R. da Misericórdia, 95, 1200-385 Lisboa
Telefone: 967 391 414
Fecha domingo e segunda-feira
Nuno Diniz e Rodrigo Meneses são acérrimos defensores da cozinha portuguesa e da utilização dos produtos nacionais. O Rodrigo lidera a Academia do Mercado da Ribeira, em Lisboa, o Nuno é chefe de cozinha dando consultoria em vários restaurantes da capital e é professor da escola de hotelaria local. Ambos fazem pesquisa sobre muitos dos produtos regionais, que também utilizam e divulgam, e o Nuno Diniz editou mesmo um livro sobre os enchidos e o fumeiro portugueses, de todo o país.
De muitas conversas e trocas de opinião ao longo dos últimos anos, surgiu a ideia de avançarem com um restaurante em Lisboa.
E a oportunidade surgiu de repente num espaço que estava bem no centro da cidade, no Chiado, pertencente á Associação 25 de Abril, que fora projectado para restaurante, agora sem inquilino. Negociação relativamente fácil e surgiu dali o “Revolução”.
Situa-se no primeiro piso do edifício, com acesso por escadas e elevador, podendo consultar-se a ementa cá fora, antes de entrar.
Chegados lá acima, recebe-nos uma sala que dá para a frente, cheia de luz, onde se nota o traço do arquitecto Siza Vieira, que remodelou o espaço e o adaptou á função restaurativa, já lá vão uns anos. Sala ampla, agora com mais espaço entre mesas por força das circunstâncias, mobiliário em boa madeira de tons claros, os tampos das mesas mais escuros, belas obras de arte distribuidas pelas paredes. Um amplo hall separa a sala principal de uma segunda sala, onde funciona o bar, mas onde se podem servir pequenos grupos, num ambiente mais privado.
A amesendação é muito simples, utilizando os tampos das mesas e, como agora é obrigatório, os talheres e guardanapos aparecem á parte, com um saco de papel, vazio, para colocar as máscaras. Um pormenor interessante.
Serviço muito simpático e profissional, com uma nota curiosa: na parte final da refeição, também os cozinheiros vêm á sala, para ajudar a levantar as mesas mas também para saber junto dos clientes da sua satisfação em relação á refeição e, se necessário, dar algumas explicações.

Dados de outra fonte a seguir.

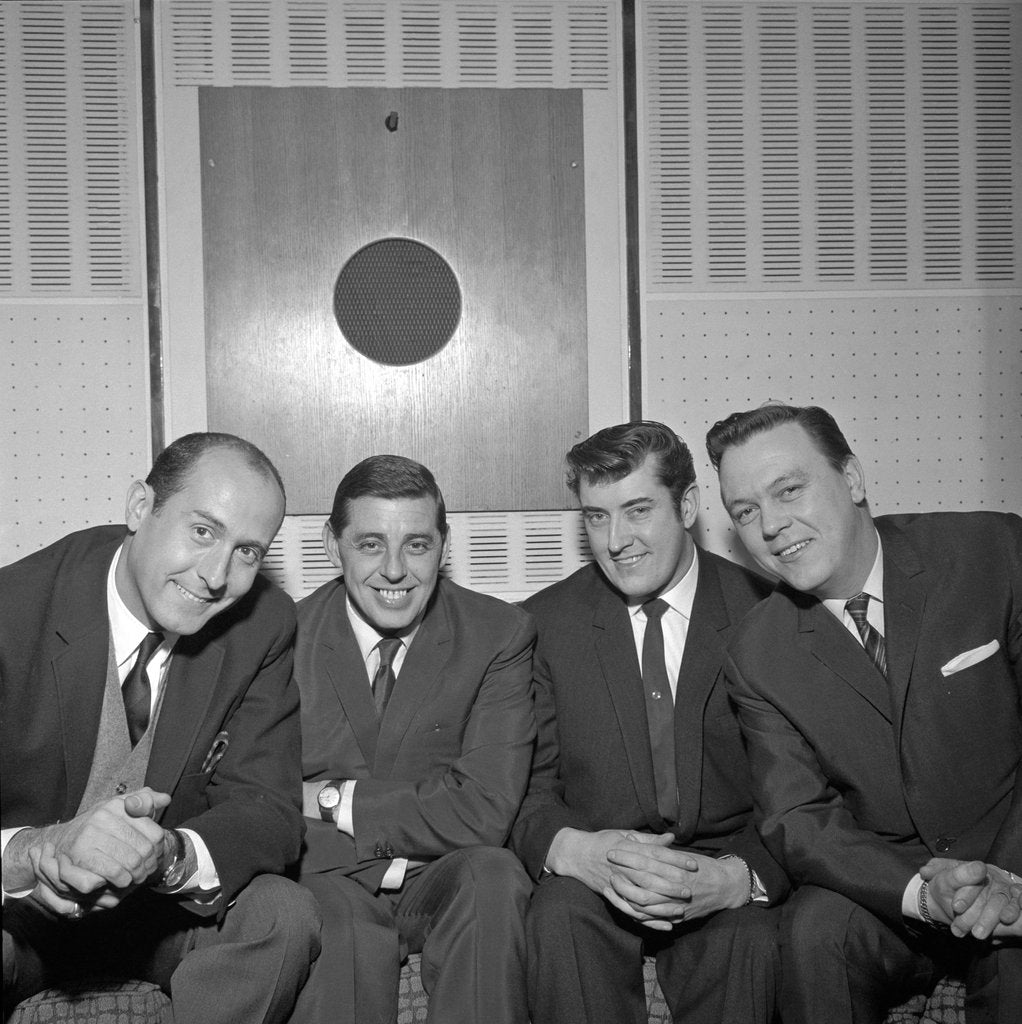 Detail of Henry Mancini, Joe Henderson, Joe Meek and Matt Monro by Harry Hammond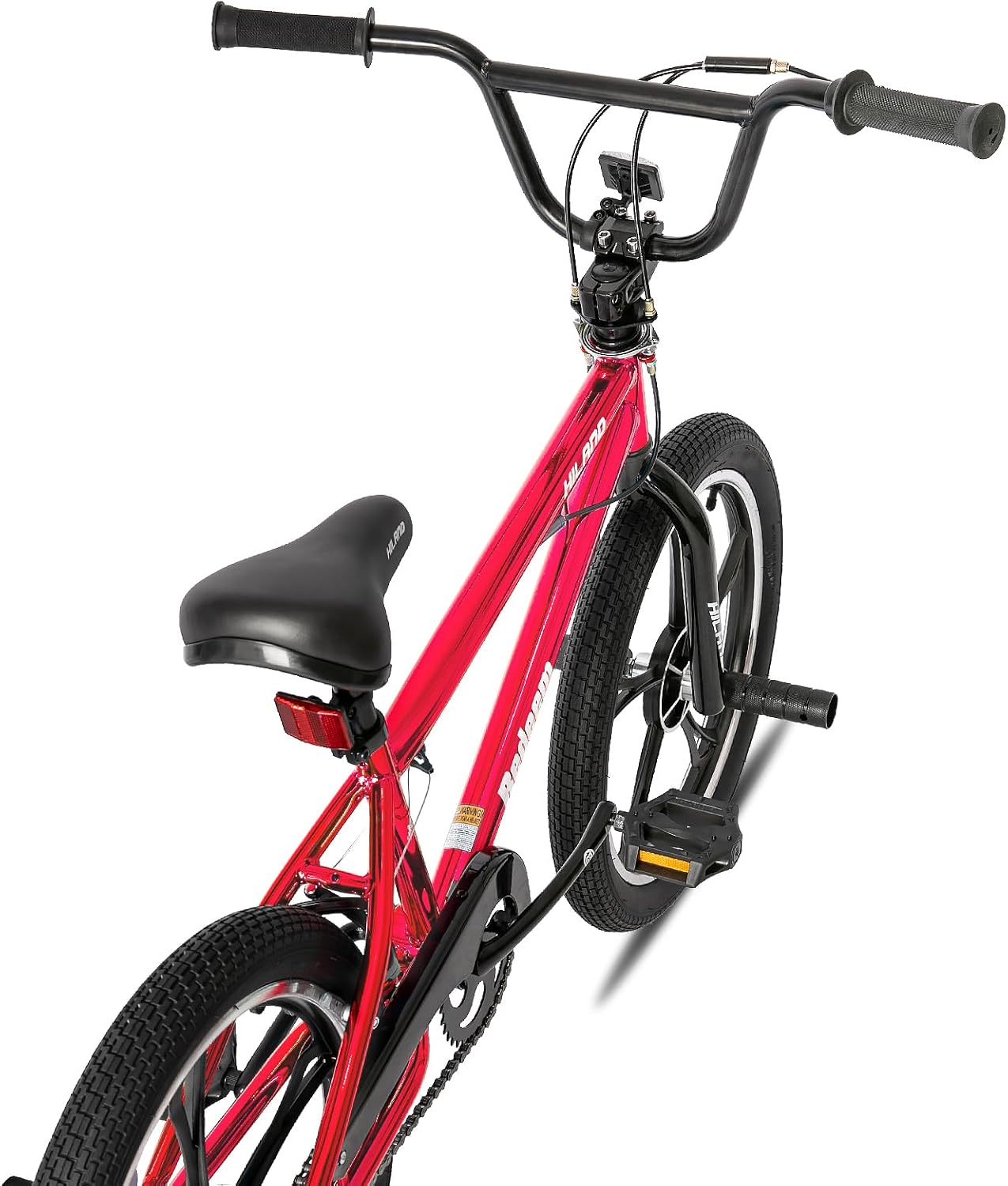 Hiland 20 Inch 3 5 Spoke Kids BMX Bike for Boys Girls Ages 5-12, 360 Degree Rotor Freestyle, 4 Pegs Single Speed Kid's BMX Bicycle, Multiple Colors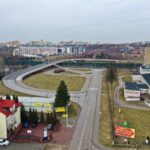 29.03.2021. Kielce. Kampus UJK przy ulicy Świętokrzyskiej. Ulica Żniwna i ślimak, który biegnie nad drogą ekspresową S74 / Jarosław Kubalski / Radio Kielce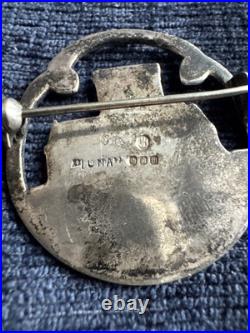 Vintage Scottish john hart iona sterling silver iona abbey brooch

A ementa, apresentada numa simpática tábua, é curta, mas vai evoluindo e acrescentando novas propostas, ao sabor da paixão e criatividade dos dois parceiros. Sempre com produtos portugueses de grande qualidade, alguns dos quais são mesmo transformados e preparados na casa. Como por exemplo a cabeça de xara, que é elaborada ali, a partir de matéria prima adequada. O resultado é excelente. E, como o Nuno Diniz faz questão de lembrar, todos os caldos e molhos são preparados na casa, não há nada sintético ou processado. Á maneira antiga, e não custa nada, aproveita-se tudo…
Para a mesa vêm vários tipos de pão, azeitonas deliciosas e azeite a sério, servido numa simpática almotolia de vidro. Belo começo.
Como entradas, polvo á bordalesa, um clássico que anda arredado das ementas dos restaurantes, o que é uma pena. Umas deliciosas e rendilhadas pataniscas de bacalhau, crocantes por fora e fofinhas por dentro, aqui na companhia duma saporida açorda de ovas, muito bem ligada e, num toque de requinte, croutons fritos em azeite por cima. Depois, provavelmente os melhores croquetes que comi nos últimos anos, com fumeiro – e que fumeiro!! – que me fizeram recuar até á minha infância e lembrar os croquetes que a minha avó Zélia fazia. Absolutamente soberbos, com um leve toque, á parte, de maionese feita na casa com um pouco de alho assado.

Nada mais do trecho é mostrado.